- Evidence of US Development and Testing of Airborne Ebola?!
by Robert Wenzel, Target Liberty, via http://www.lewrockwell.com/
It has been my contention that the recent Ebola outbreak is likely the result of US military testing of Ebola gone awry. SEE: THE PAPER TRAIL: The US Government Involvement in Developing Ebola as a BioWeapon
Now more evidence has been brought to my attention of the alarming nature of the Ebola testing going on by the US military.
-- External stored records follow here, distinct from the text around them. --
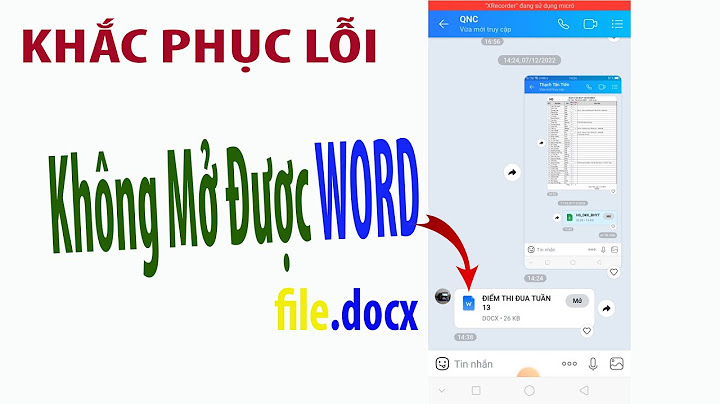 Cách khắc phục lỗi không tìm thấy file của zalo năm 2024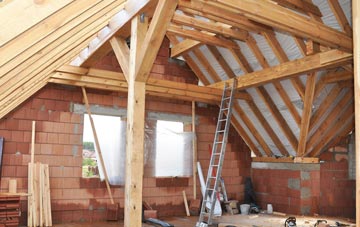 Oakes attic trusses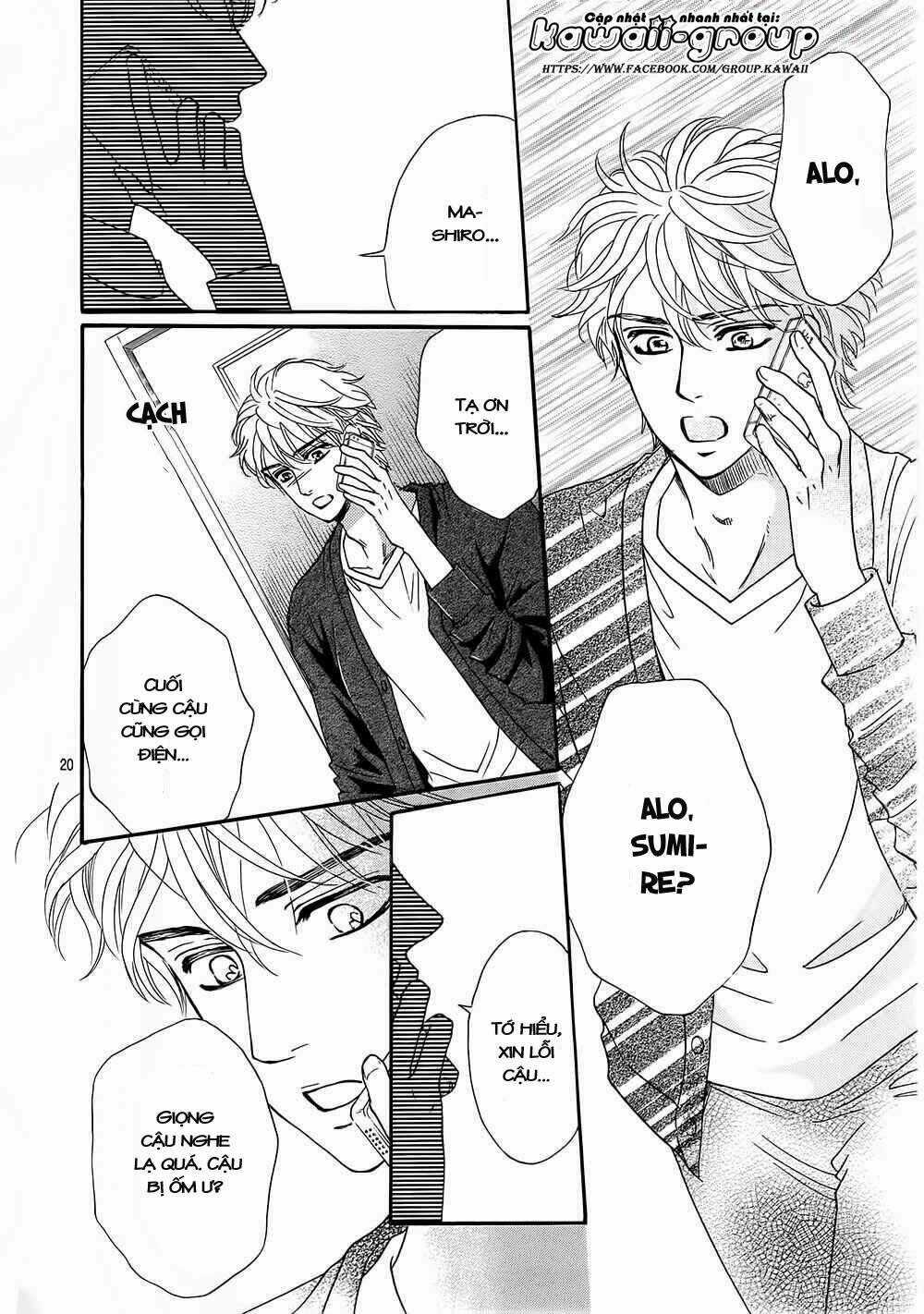 Sumika Sumire Chapter 19 trang 19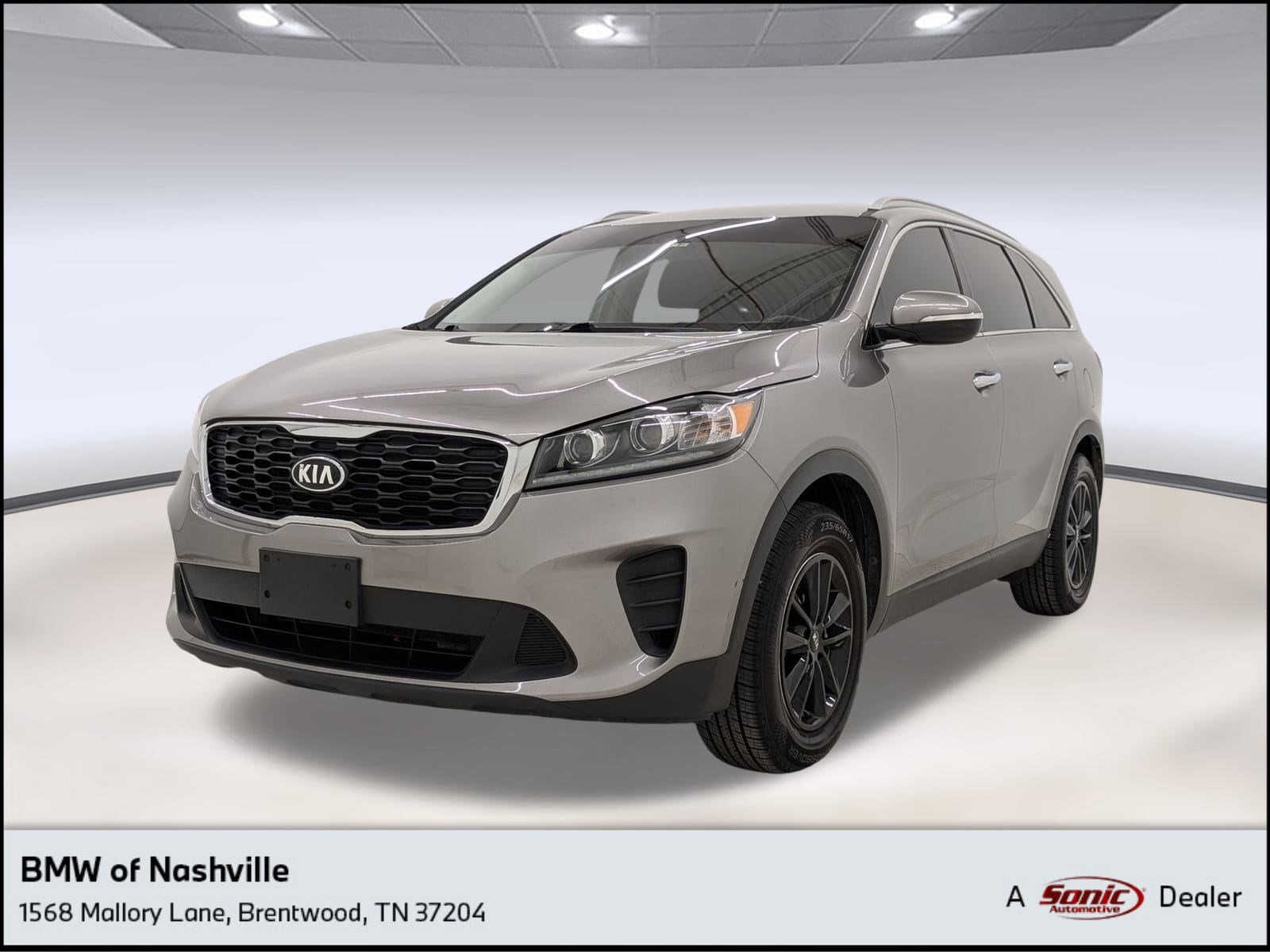 2019 Kia Sorento LX's photo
Apparently, the military has created an airborne version of Ebola and tested it on monkeys.
A paper written by E. Johnson, N. Jaax, J. White, and P. Jahrling of US Army Medical Research Institute of Infectious Diseases, Frederick, Maryland was published in 1995 in the International Journal of Experimental Pathology.
The abstract from the paper, Lethal experimental infections of rhesus monkeys by aerosolized Ebola virus, informs:
The potential of aerogenic infection by Ebola virus was established by using a head-only exposure aerosol system. Virus-containing droplets of 0.8-1.2 microns were generated and administered into the respiratory tract of rhesus monkeys via inhalation. Inhalation of viral doses as low as 400 plaque-forming units of virus caused a rapidly fatal disease in 4-5 days. The illness was clinically identical to that reported for parenteral virus inoculation, except for the occurrence of subcutaneous and venipuncture site bleeding and serosanguineous nasal discharge. Immunocytochemistry revealed cell-associated Ebola virus antigens present in airway epithelium, alveolar pneumocytes, and macrophages in the lung and pulmonary lymph nodes; extracellular antigen was present on mucosal surfaces of the nose, oropharynx and airways. Aggregates of characteristic filamentous virus were present within type I pneumocytes, macrophages, and air spaces of the lung by electron microscopy. Demonstration of fatal aerosol transmission of this virus in monkeys reinforces the importance of taking appropriate precautions to prevent its potential aerosol transmission to humans.